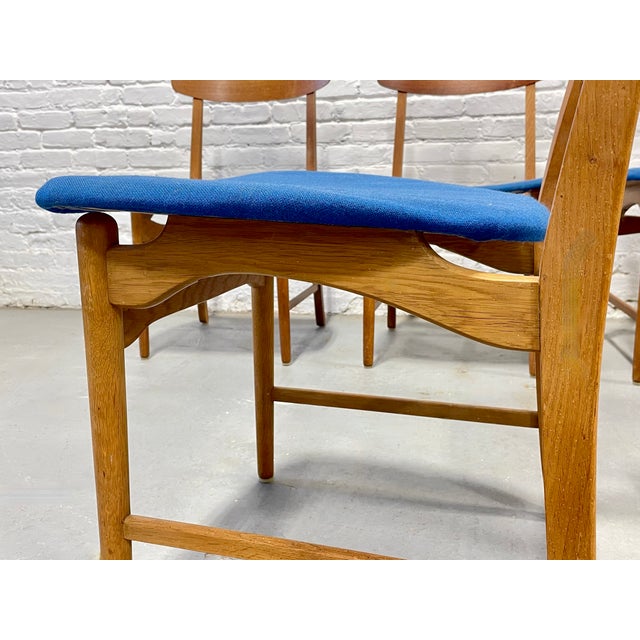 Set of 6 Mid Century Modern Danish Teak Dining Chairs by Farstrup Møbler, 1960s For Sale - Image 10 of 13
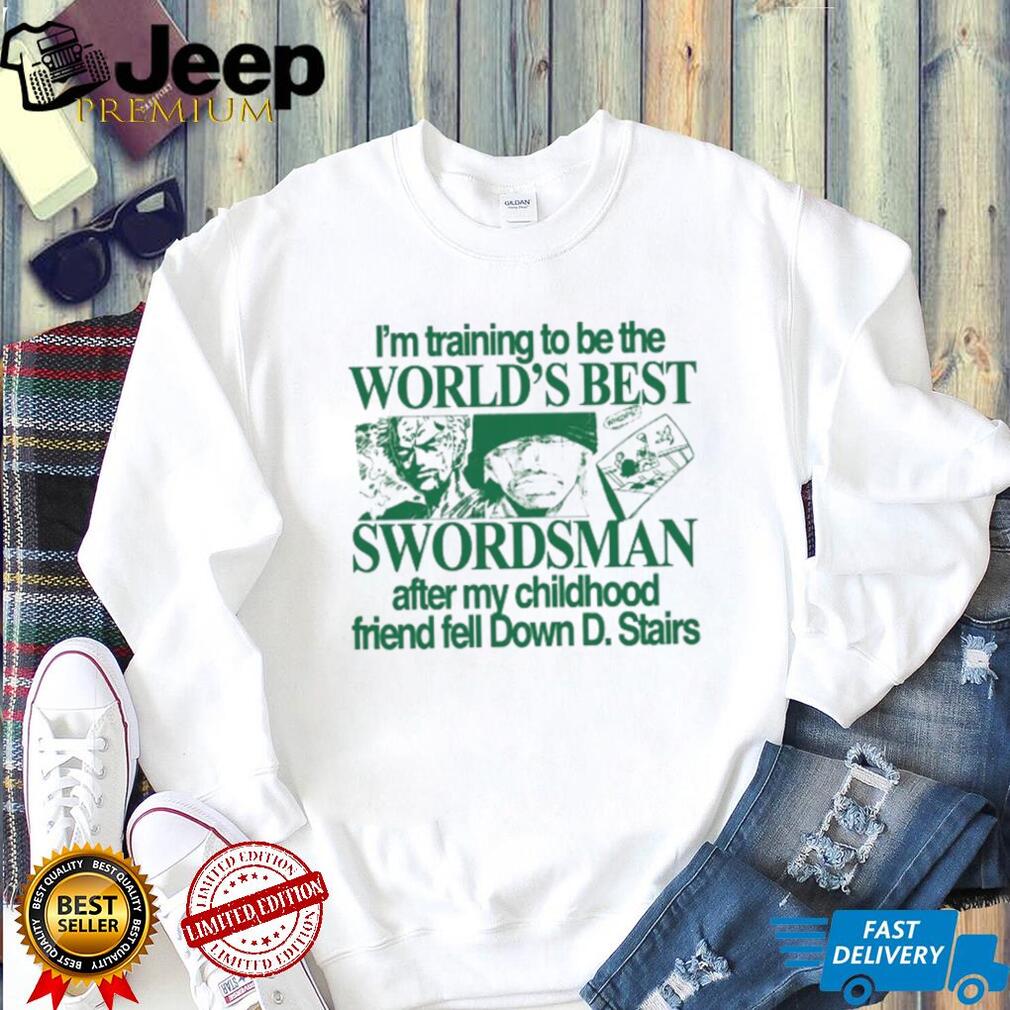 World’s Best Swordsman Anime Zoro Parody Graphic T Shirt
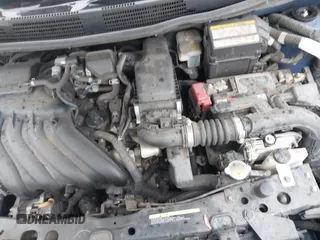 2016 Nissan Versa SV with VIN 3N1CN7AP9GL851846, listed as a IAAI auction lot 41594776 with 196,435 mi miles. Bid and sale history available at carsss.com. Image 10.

» Task requirements:
Output the material above exactly as written and drop any images it holds.

» Completed task:
 Set of 6 Mid Century Modern Danish Teak Dining Chairs by Farstrup Møbler, 1960s For Sale - Image 10 of 13
 World’s Best Swordsman Anime Zoro Parody Graphic T Shirt
 2016 Nissan Versa SV with VIN 3N1CN7AP9GL851846, listed as a IAAI auction lot 41594776 with 196,435 mi miles. Bid and sale history available at carsss.com. Image 10.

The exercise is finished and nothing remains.